**Your task**
For the records below, output word for word the lines from the one with "We have two" up to and including the one with "We can label". No pictures.

**Task inputs**
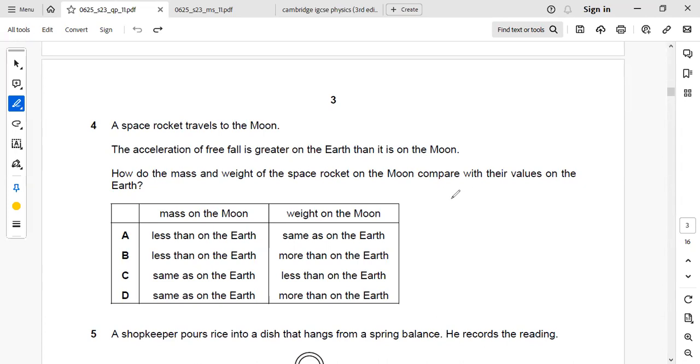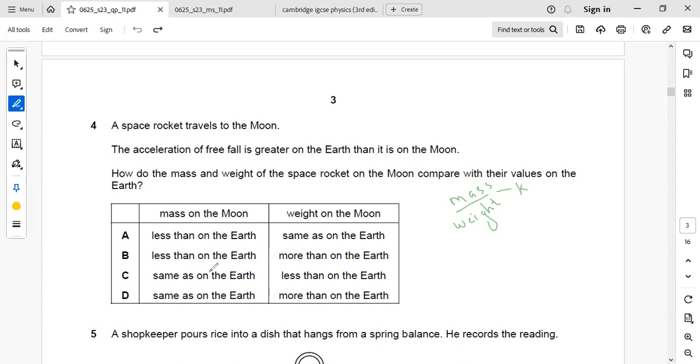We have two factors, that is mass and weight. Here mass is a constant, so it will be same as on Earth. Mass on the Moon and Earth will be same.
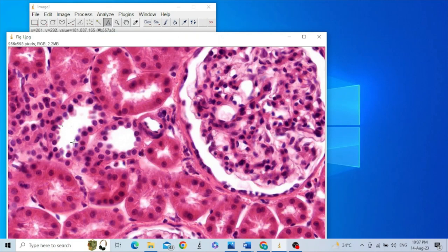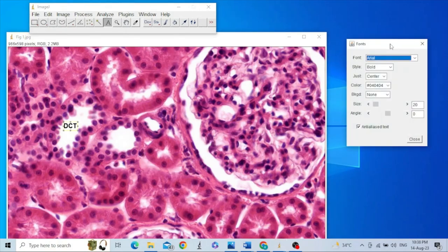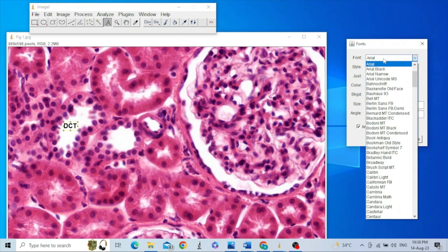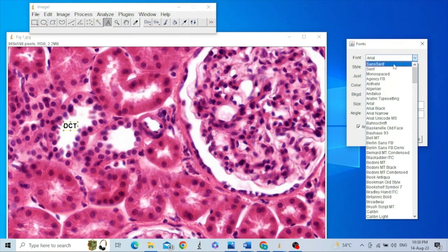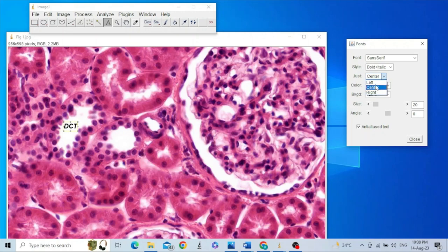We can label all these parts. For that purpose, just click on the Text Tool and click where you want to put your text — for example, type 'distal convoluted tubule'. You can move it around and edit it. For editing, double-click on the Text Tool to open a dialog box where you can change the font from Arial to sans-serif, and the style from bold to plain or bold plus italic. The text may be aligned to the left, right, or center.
==
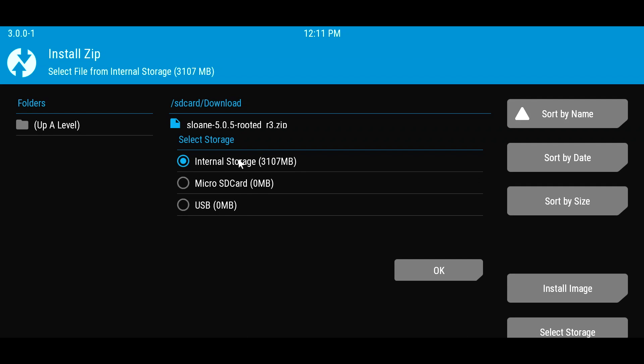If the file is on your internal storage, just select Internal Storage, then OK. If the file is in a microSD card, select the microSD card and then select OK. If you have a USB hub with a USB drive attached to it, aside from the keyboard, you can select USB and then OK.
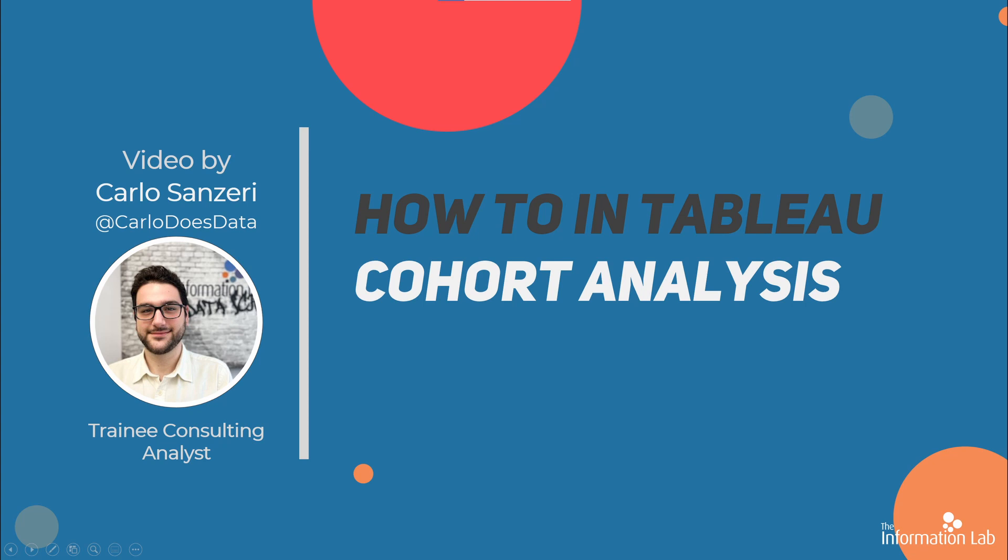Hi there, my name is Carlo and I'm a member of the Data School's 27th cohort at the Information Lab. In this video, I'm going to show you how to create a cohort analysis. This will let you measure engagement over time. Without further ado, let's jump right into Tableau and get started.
==
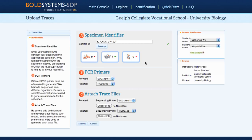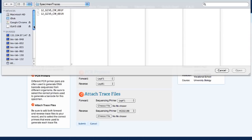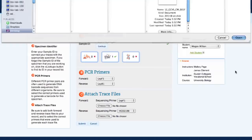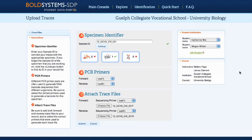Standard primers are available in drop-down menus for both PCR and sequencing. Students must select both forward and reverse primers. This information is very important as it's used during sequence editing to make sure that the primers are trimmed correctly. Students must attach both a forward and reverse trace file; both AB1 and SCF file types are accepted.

**Response to this task**
We have two factors, that is mass and weight. Here mass is a constant, so it will be same as on Earth. Mass on the Moon and Earth will be same.
We can label all these parts. For that purpose, just click on the Text Tool and click where you want to put your text — for example, type 'distal convoluted tubule'. You can move it around and edit it. For editing, double-click on the Text Tool to open a dialog box where you can change the font from Arial to sans-serif, and the style from bold to plain or bold plus italic. The text may be aligned to the left, right, or center.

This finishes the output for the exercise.